__Task statement__. Nothing but the lines from the one containing "Condition photo showing" through the one containing "20200707_134653 Sterling Silver", both included, should be given again, each exactly as written below.

__Dataset entries__.
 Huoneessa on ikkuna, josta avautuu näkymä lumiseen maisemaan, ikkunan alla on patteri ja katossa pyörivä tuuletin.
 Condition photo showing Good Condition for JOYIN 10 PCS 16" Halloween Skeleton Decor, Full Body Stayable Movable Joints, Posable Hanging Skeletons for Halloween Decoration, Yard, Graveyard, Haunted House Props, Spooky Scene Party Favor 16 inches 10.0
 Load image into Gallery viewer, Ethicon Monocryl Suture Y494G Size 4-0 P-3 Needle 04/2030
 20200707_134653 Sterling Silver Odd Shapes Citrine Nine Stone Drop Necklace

* * *

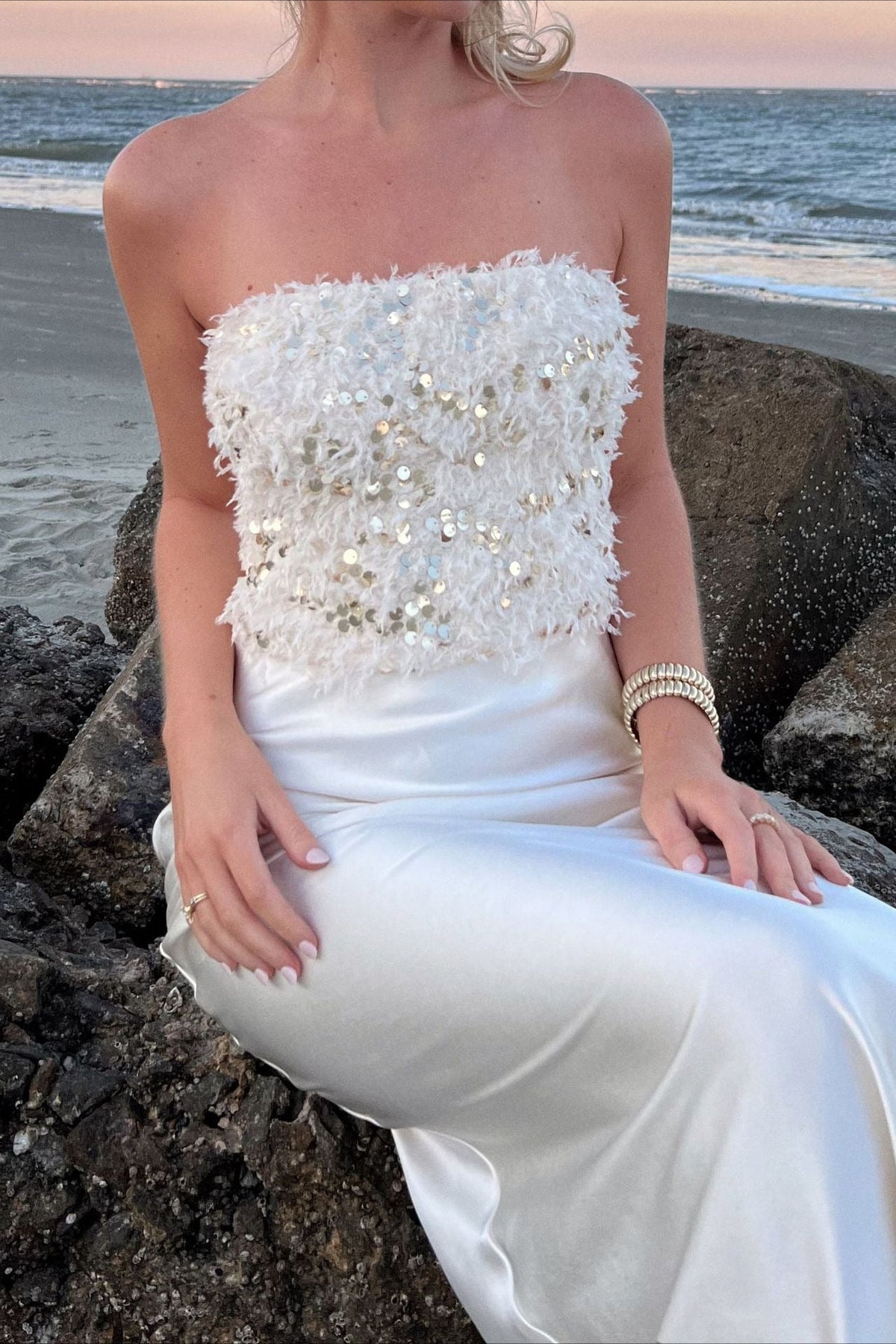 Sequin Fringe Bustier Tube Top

__Result for this exercise__.
 Condition photo showing Good Condition for JOYIN 10 PCS 16" Halloween Skeleton Decor, Full Body Stayable Movable Joints, Posable Hanging Skeletons for Halloween Decoration, Yard, Graveyard, Haunted House Props, Spooky Scene Party Favor 16 inches 10.0
 Load image into Gallery viewer, Ethicon Monocryl Suture Y494G Size 4-0 P-3 Needle 04/2030
 20200707_134653 Sterling Silver Odd Shapes Citrine Nine Stone Drop Necklace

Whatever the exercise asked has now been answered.